§ REQUIREMENT
For the entries below, state how many lines include the string "persons", and write nothing besides that number.

§ TASK DATA
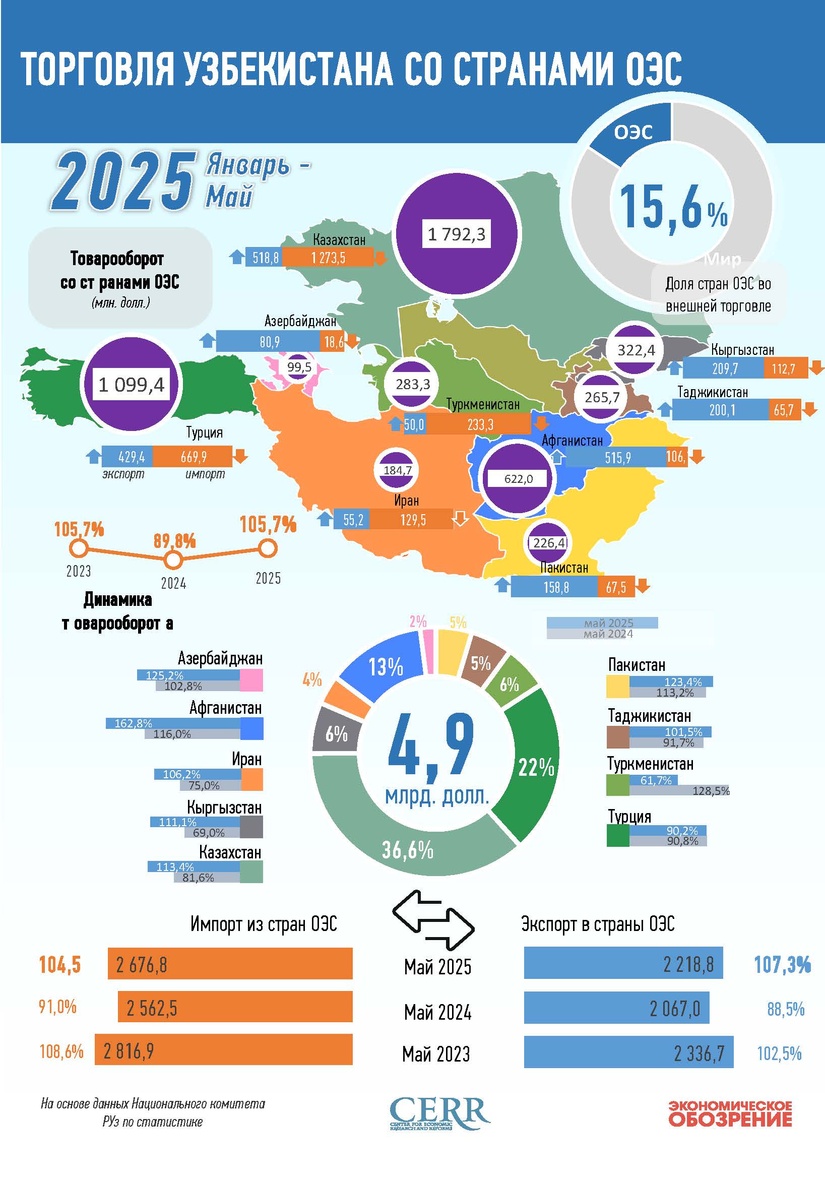 Инфографика: Торговля Узбекистана со странами ОЭС за 5 месяцев 2025 года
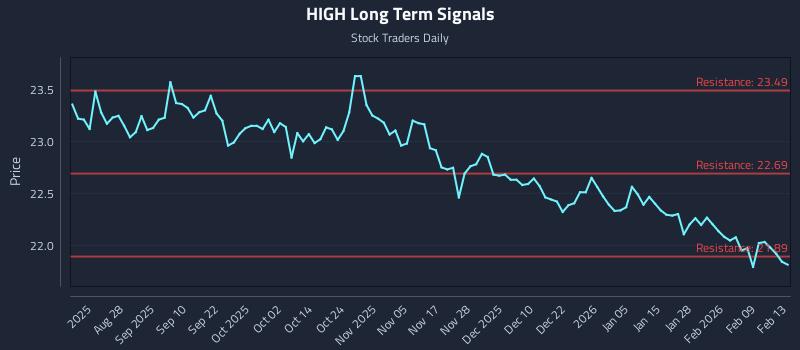 HIGH Long Term Analysis for February 14 2026 HIGH Long Term Analysis for February 14 2026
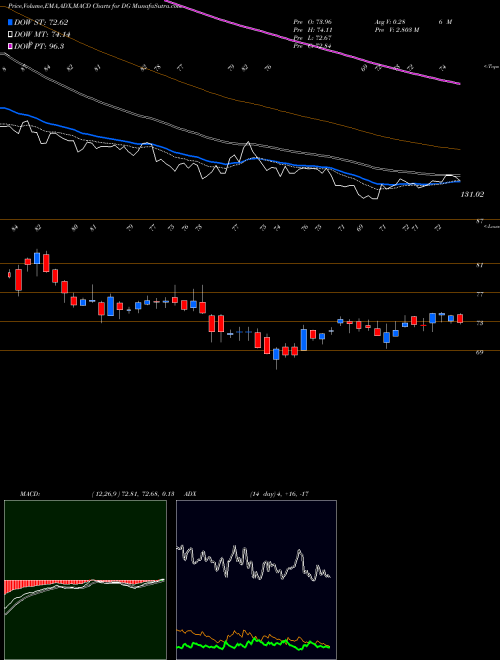 Munafa Dollar General Corporation (DG) stock tips, volume analysis, indicator analysis [intraday, positional] for today and tomorrow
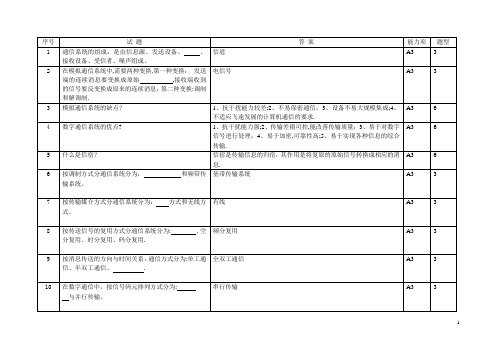 国家电网通信类题目及答案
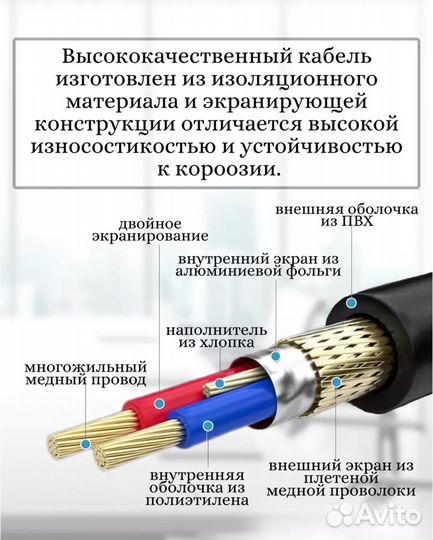 Кабель XLR-XLR 5 метров
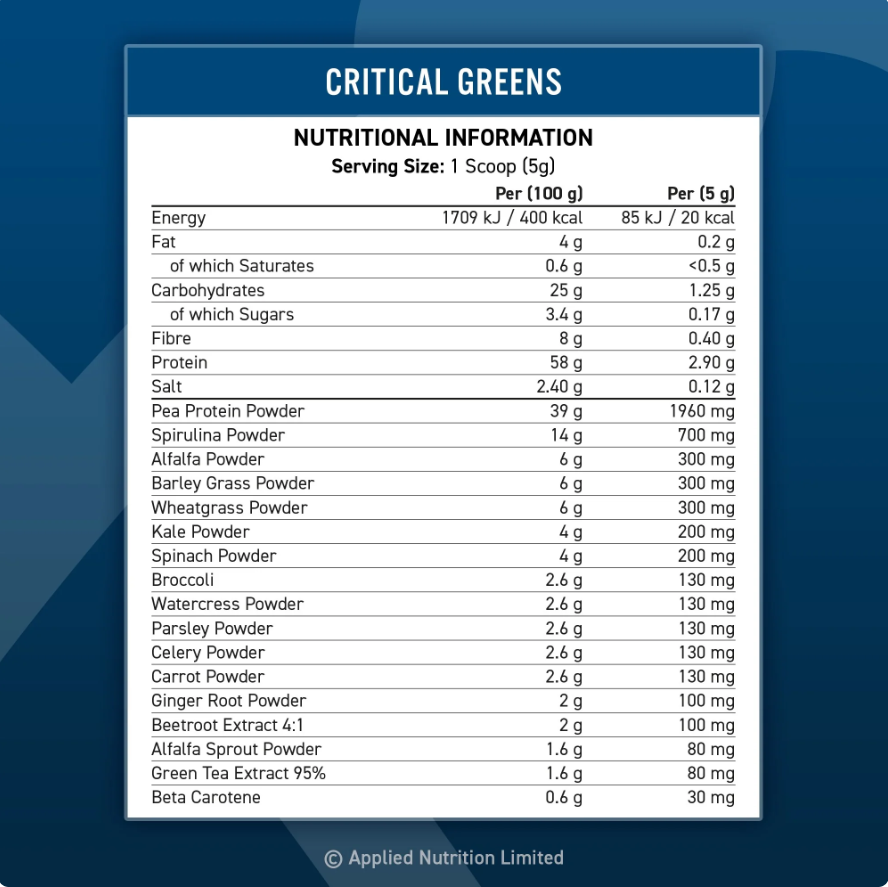 Critical Greens Powder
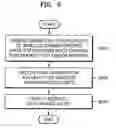 Fig. 08 - Gateway apparatus for providing multi-channel functionality in sensor network, and method and apparatus for interfacing using serial peripheral interface in the gateway apparatus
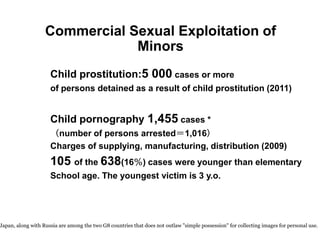 Commercial Sexual Exploitation of
                               Minors
                     Child prostitution:5 000 cases or more
                     of persons detained as a result of child prostitution (2011)


                     Child pornography 1,455 cases *
                     （number of persons arrested＝1,016）
                     Charges of supplying, manufacturing, distribution (2009)
                     105 of the 638(16％) cases were younger than elementary
                     School age. The youngest victim is 3 y.o.




Japan, along with Russia are among the two G8 countries that does not outlaw "simple possession" for collecting images for personal use.
 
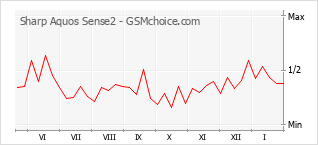 手機聲望改變圖表 Sharp Aquos Sense2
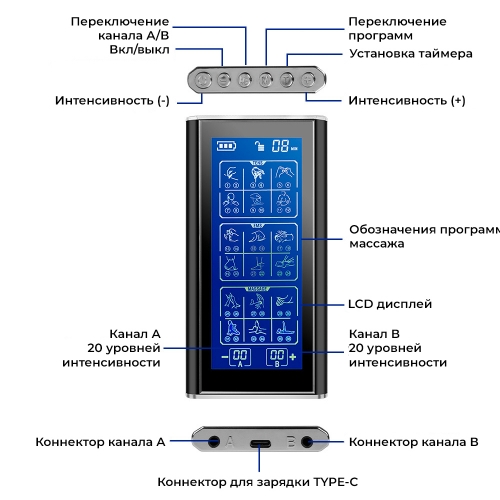 Массажер миостимулятор для тела, EMS-450, 2 канала, с EMS и TENS технологией, 36 режимов массажа, беспроводной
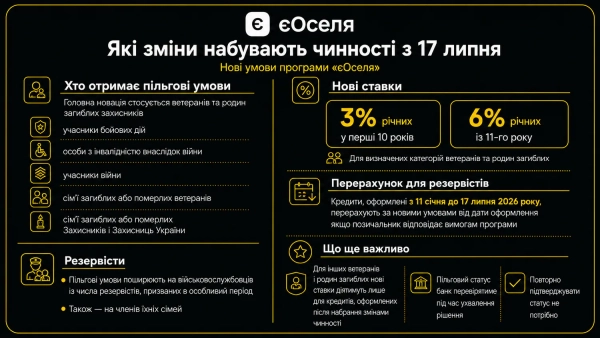 Ілюстрація до змін у програмі єОселя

§ SOLUTION FOR THIS TASK
2